* [What to produce] Your copy should begin with the line containing "ASG 7,4V 250mAh 20C – Zboží Dáma", end with the line containing "Oficina en Porto, Portugal 161 m² No. 8202", match the listing below exactly, and contain no pictures.

* [Source records]
* * * * * * *

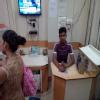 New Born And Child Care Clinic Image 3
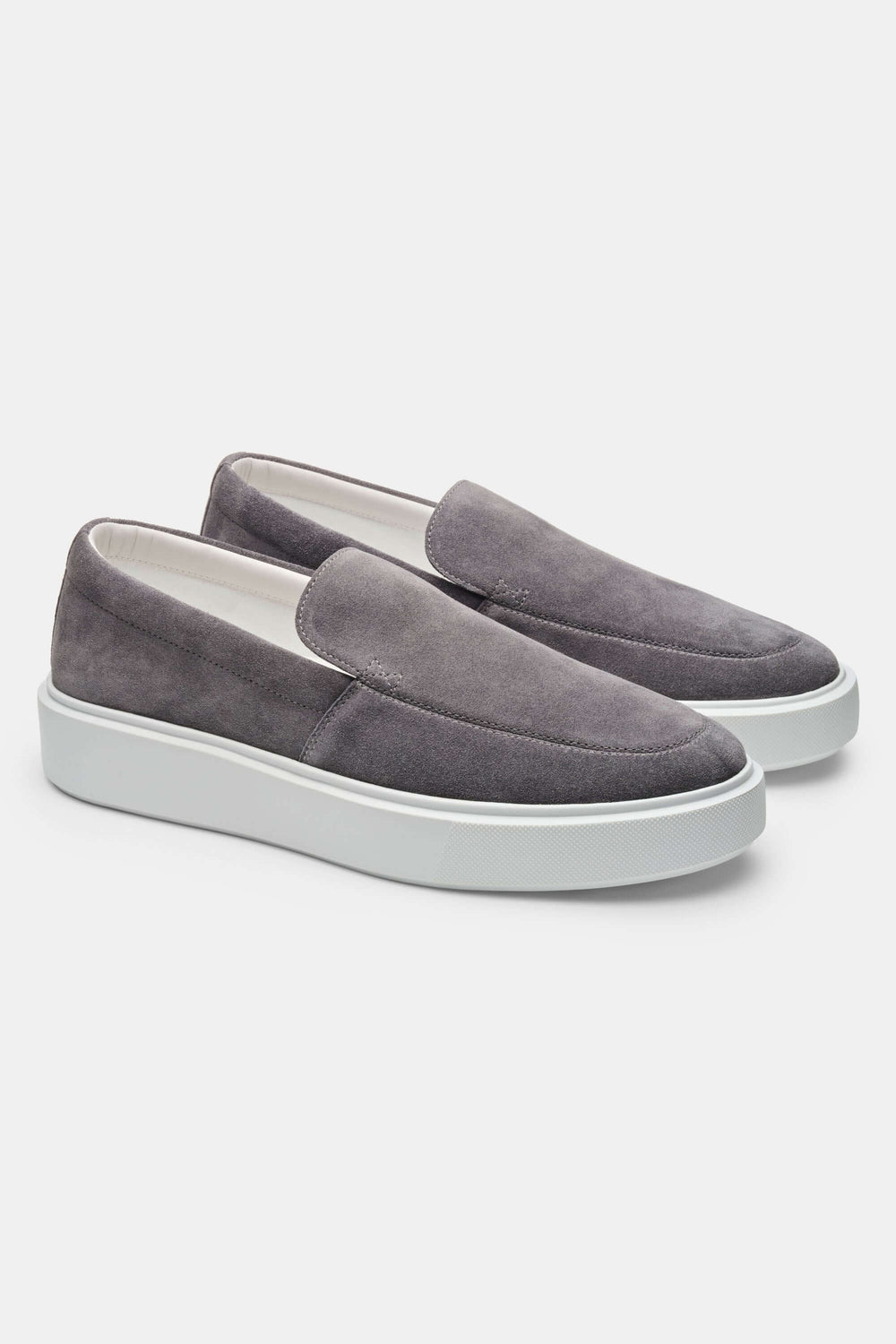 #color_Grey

* * * * * * *

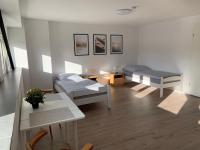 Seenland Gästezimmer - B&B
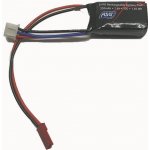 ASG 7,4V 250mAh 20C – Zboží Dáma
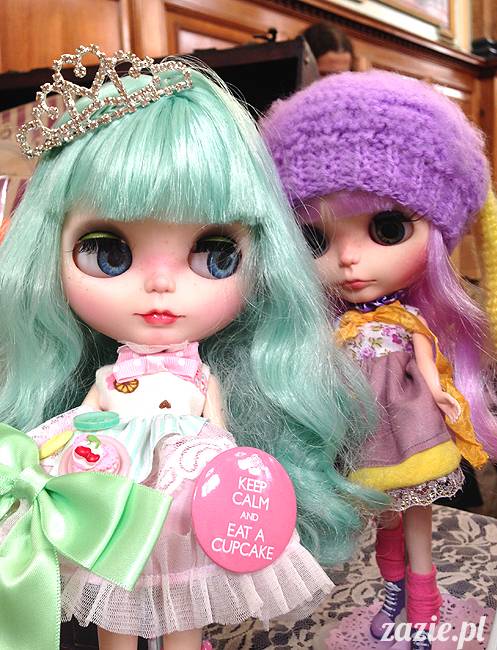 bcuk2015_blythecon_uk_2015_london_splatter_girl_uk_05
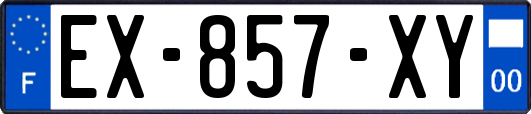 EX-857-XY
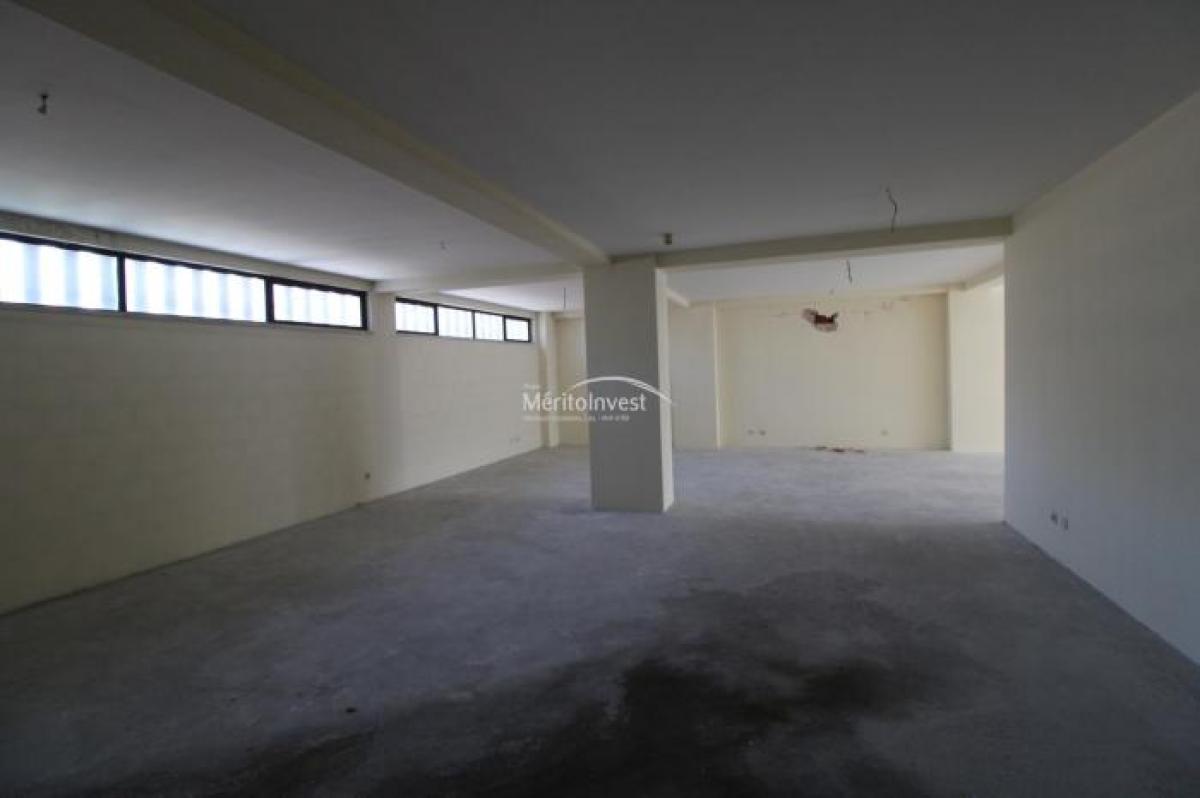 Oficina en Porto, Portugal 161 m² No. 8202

* * * * * * *

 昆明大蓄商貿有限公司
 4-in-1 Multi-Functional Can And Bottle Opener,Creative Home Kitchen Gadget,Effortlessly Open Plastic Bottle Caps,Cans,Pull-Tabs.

* * * * * * *

* [The answer]
 ASG 7,4V 250mAh 20C – Zboží Dáma
 bcuk2015_blythecon_uk_2015_london_splatter_girl_uk_05
 EX-857-XY
 Oficina en Porto, Portugal 161 m² No. 8202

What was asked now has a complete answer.